Stored dataset items
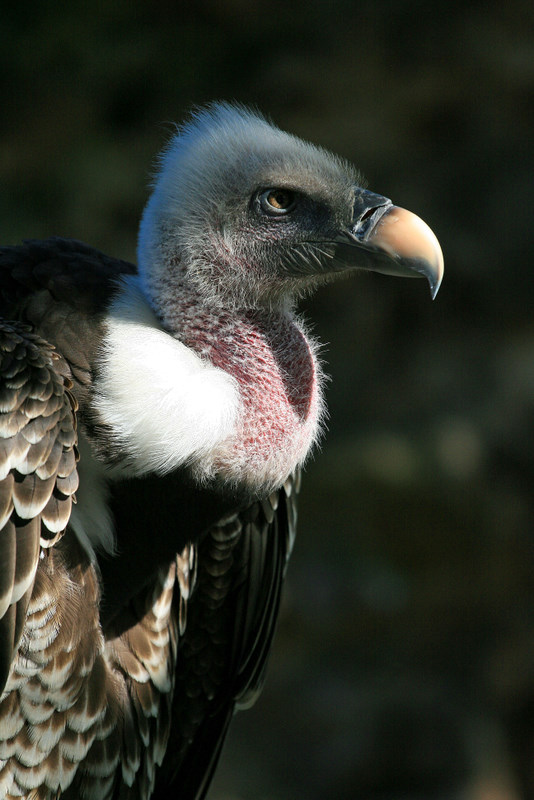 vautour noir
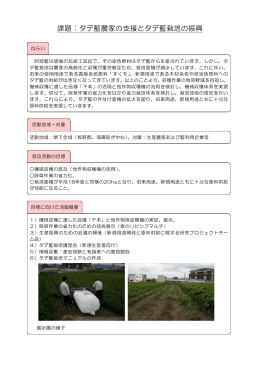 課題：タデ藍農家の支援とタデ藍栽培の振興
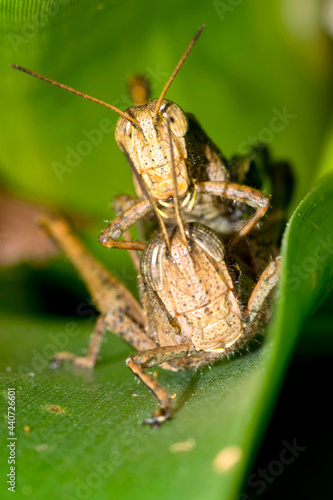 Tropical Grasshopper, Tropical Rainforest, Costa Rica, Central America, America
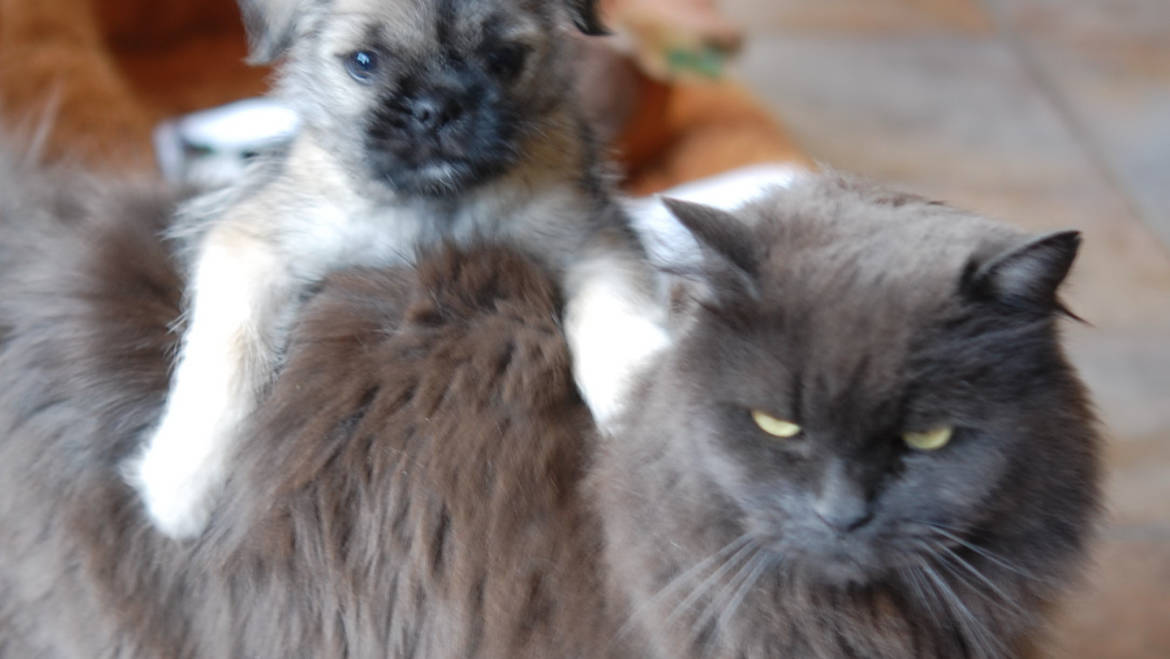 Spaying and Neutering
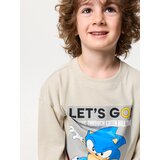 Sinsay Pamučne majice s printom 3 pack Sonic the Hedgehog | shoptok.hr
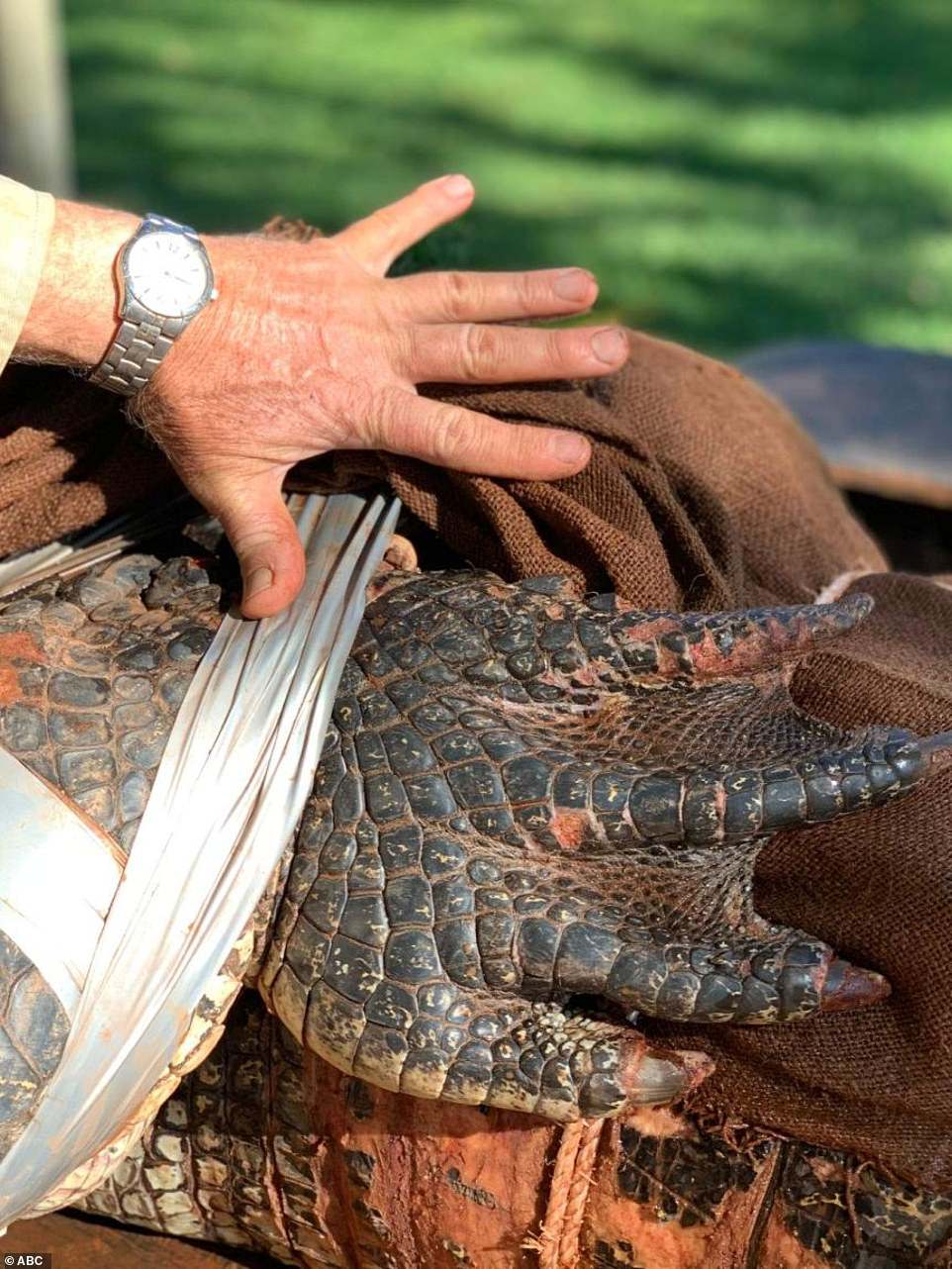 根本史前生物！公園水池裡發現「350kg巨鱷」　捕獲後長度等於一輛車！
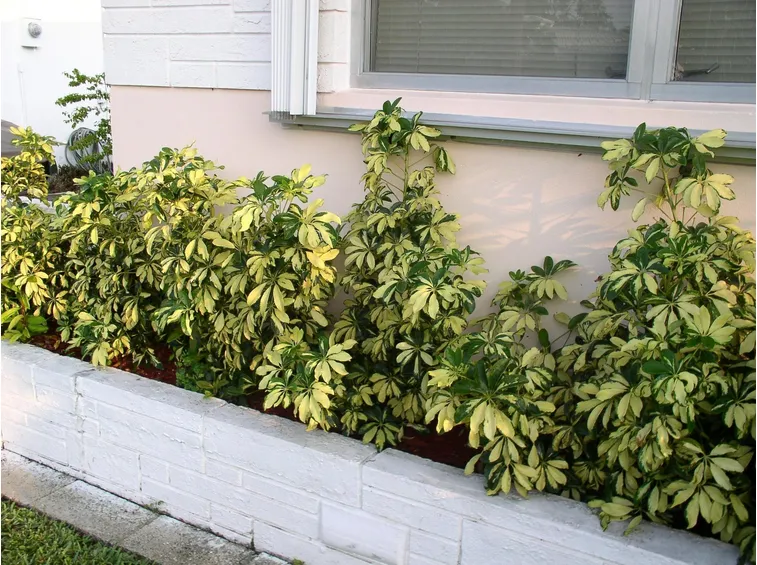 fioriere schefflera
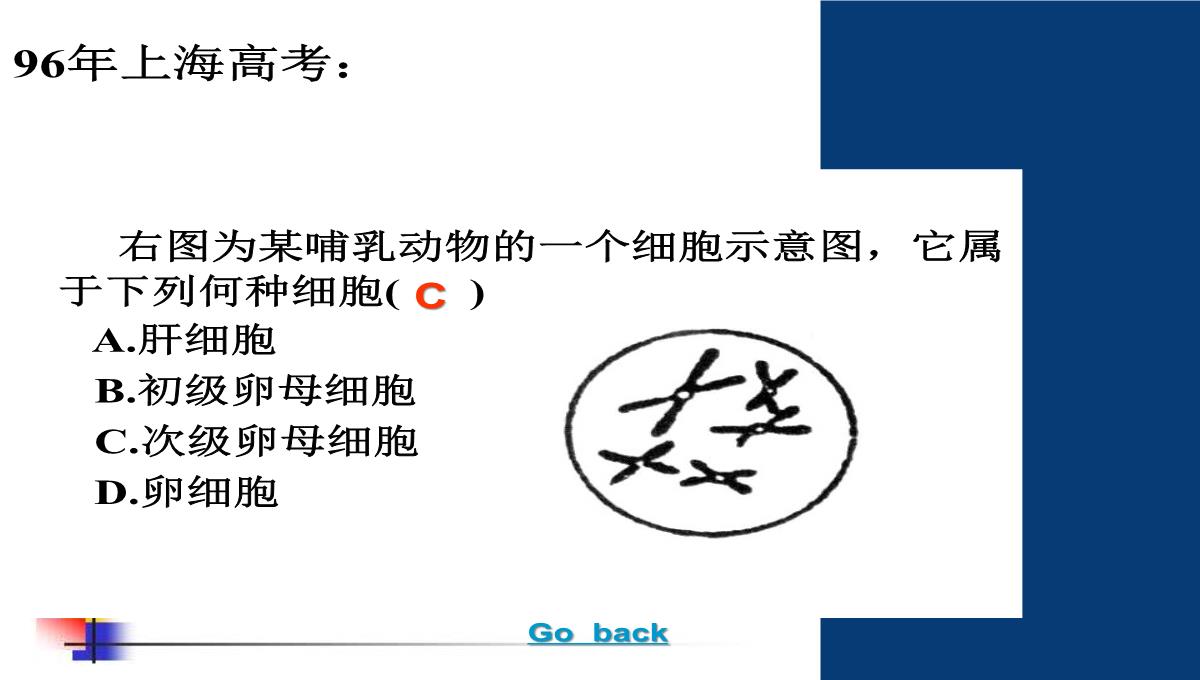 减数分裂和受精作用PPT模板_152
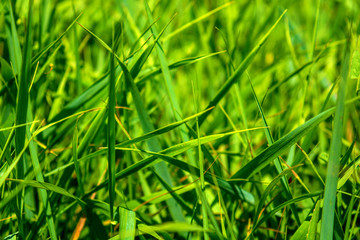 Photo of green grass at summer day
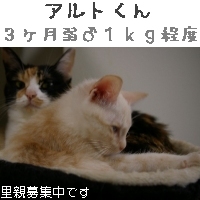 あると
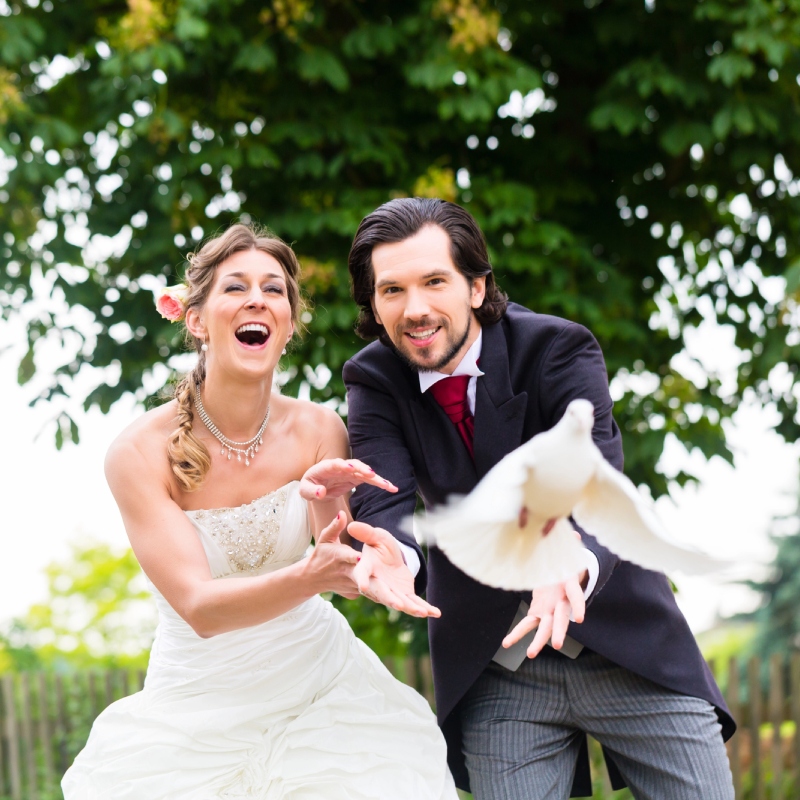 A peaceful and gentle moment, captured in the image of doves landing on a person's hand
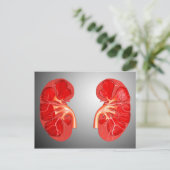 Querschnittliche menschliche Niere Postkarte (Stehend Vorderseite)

**EXERCISE REQUIREMENTS:** Copy out the lines above from the line containing "Tropical Grasshopper, Tropical" through the line containing "减数分裂和受精作用PPT模板_152", exactly, and keep the pictures out.

**RESULT OF THE TASK:**
 Tropical Grasshopper, Tropical Rainforest, Costa Rica, Central America, America
 Spaying and Neutering
 Sinsay Pamučne majice s printom 3 pack Sonic the Hedgehog | shoptok.hr
 根本史前生物！公園水池裡發現「350kg巨鱷」　捕獲後長度等於一輛車！
 fioriere schefflera
 减数分裂和受精作用PPT模板_152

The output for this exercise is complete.